Data under study:

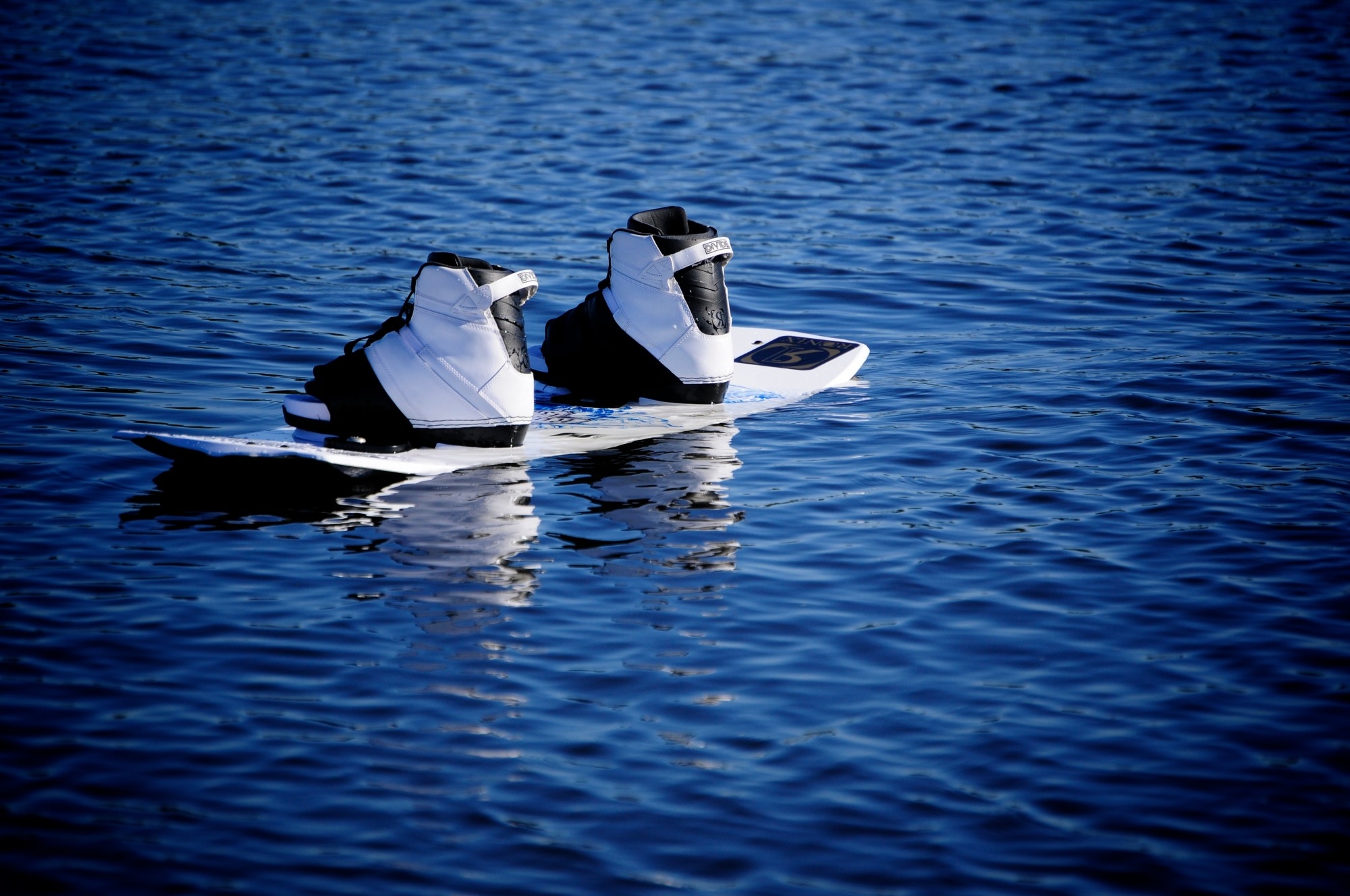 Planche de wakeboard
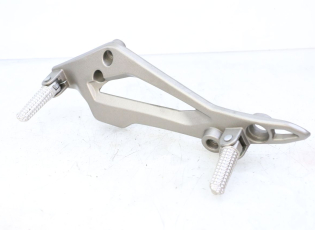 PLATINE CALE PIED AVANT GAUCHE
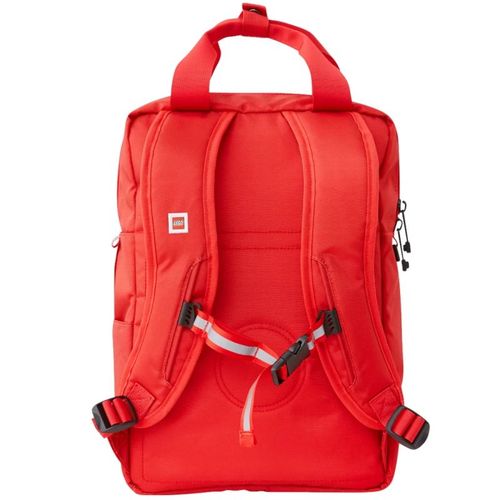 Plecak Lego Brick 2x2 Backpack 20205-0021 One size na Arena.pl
==
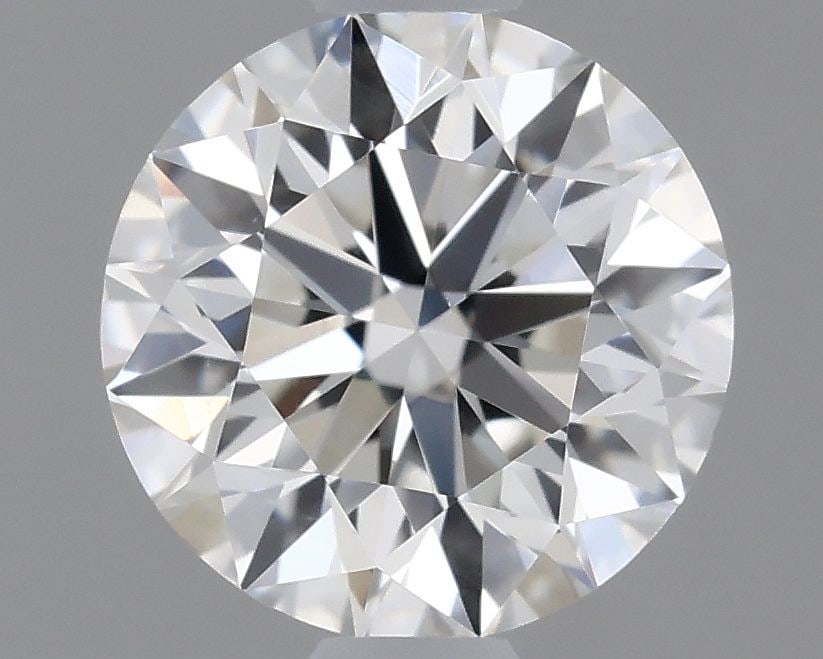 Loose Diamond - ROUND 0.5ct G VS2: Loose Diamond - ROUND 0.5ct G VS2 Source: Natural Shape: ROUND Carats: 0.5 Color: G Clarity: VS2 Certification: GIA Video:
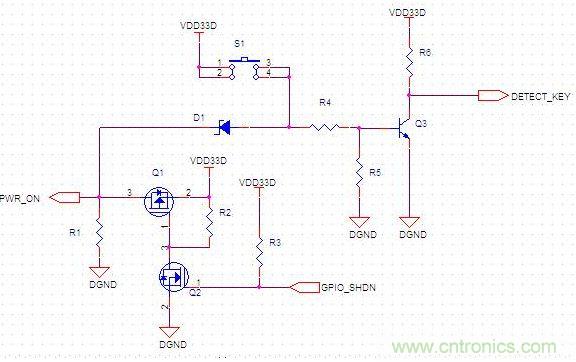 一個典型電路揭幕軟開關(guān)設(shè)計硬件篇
==
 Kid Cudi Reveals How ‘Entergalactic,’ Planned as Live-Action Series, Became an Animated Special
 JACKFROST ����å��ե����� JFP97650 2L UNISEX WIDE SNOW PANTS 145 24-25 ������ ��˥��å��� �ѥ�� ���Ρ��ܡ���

What is expected: Excluding any pictures, print exactly the lines of the listing above from the line with "Loose Diamond - ROUND 0.5ct G VS2: Loose" to the line with "一個典型電路揭幕軟開關(guān)設(shè)計硬件篇", both ends included.

Finished task:
 Loose Diamond - ROUND 0.5ct G VS2: Loose Diamond - ROUND 0.5ct G VS2 Source: Natural Shape: ROUND Carats: 0.5 Color: G Clarity: VS2 Certification: GIA Video:
 一個典型電路揭幕軟開關(guān)設(shè)計硬件篇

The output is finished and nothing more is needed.